Natural disasters leave victims who continue to suffer long after the media turns its focus elsewhere. People who lose their homes and all of their possessions may feel lucky to be alive, but they need a place where to continue to live. Recently, any architects and others interested in providing temporary, emergency housing have begun to make use of a resource that seems plentiful – metal shipping containers.
The idea started in part due to the overflow of containers that are piling up in harbors along both coasts of the United States. In New York alone, over a million of these empty containers are stored in the harbor and along the Jersey turnpike. There are two main reasons for this excess of containers:
* We have been importing more than we have been exporting. So the containers come in full of imported goods but then we aren’t filling them back up and circulating them back into the world market.

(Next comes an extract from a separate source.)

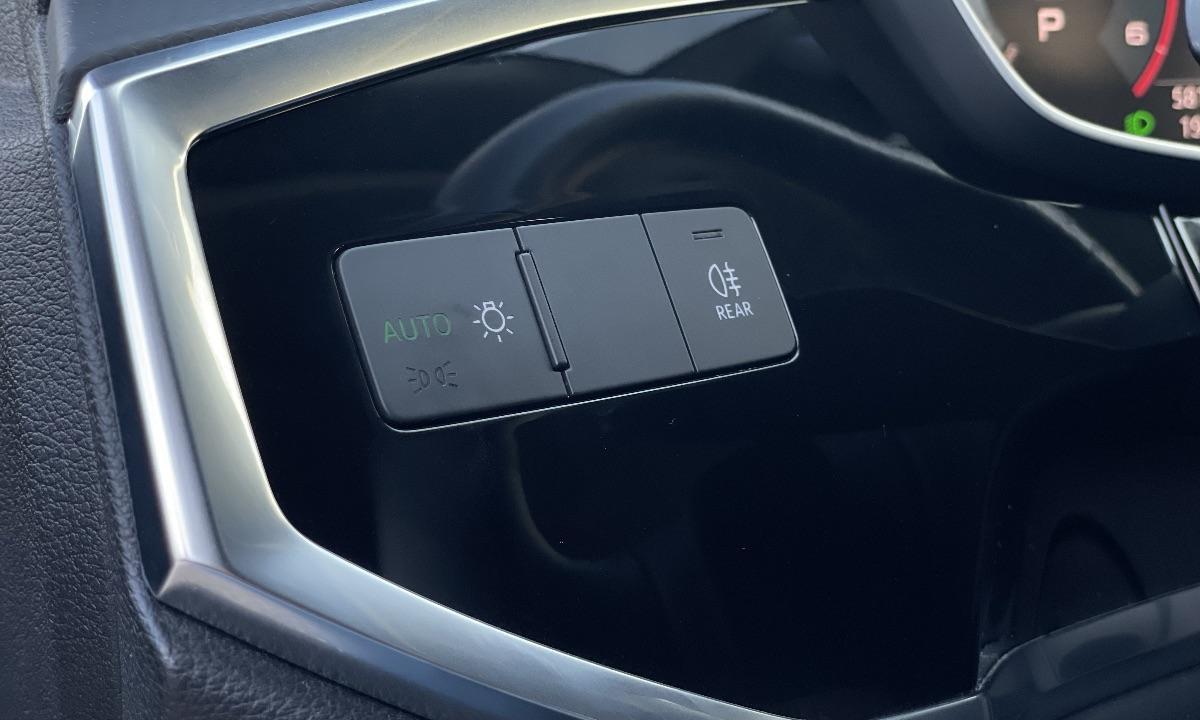 AUDI Q3 2.0 TDI S-Tronic Advanced Navi, Panorama, Unico Prop.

* Companies don’t have much of an incentive to return the containers to their source. For example, in China, it costs about $2,300 to make one of these containers. But for a US company to ship an empty container back to China would cost about $900. So instead of spending the money, US companies have simply begun to store them.
So the argument has been made that these containers could be turned into shelter for use in emergencies. In light of the recent aftermath of hurricane Katrina, there could actually be immediate need for such shelters. Ideally, the converted containers could be delivered by truck to the actual home sight of the disaster victims. They could live in the shelter on their own land, using the utilities that are already supplied to that lot until their home is rebuilt. The shelters would be preferable to tents because of their steel beam construction. They can endure strong winds, snow and even wildfires.
However, the first step is to get the containers converted. At the moment, there are a few problems that those performing the conversion face. First of all, the containers are only 8 feet wide which doesn’t create much room. Cutting away sides and joining 2 containers together can solve this problem. Windows and other holes for utilities have to be cut with a blow torch, requiring specialized labor. So, at the moment, the cost of converting these shipping containers would be prohibitive.
But there is a solution to this problem. Proponents of the idea, including professors, students, nonprofit organizations and any members of the building industry suggest that the containers should be designed so that conversion is possible at any point in the future. They could have removable panels that would not endanger the integrity of the container when it’s being used for shipping and could be easily removed when the container is needed in an emergency for shelter. When needed, these containers could then be transported and set up much faster and would be a much more comfortable solution for the victims.
There are still many questions about this idea, mostly about how to get enough interest from the government agencies that are responsible for disaster relief as well as from the companies that manufacture and use the containers. For example, who will pay for the changes needed to the equipment and processes that the manufacturers might use? What type of notification and organization system will be put into place to direct the distribution and installation of the shelters? What happens to the containers once the victims have acquired permanent housing? And again, who will pay for the delivery and removal of the units? All of these and other questions would need to be answered before the idea could be put into widespread use. Although the idea is still in the formative stages, it certainly shows promise.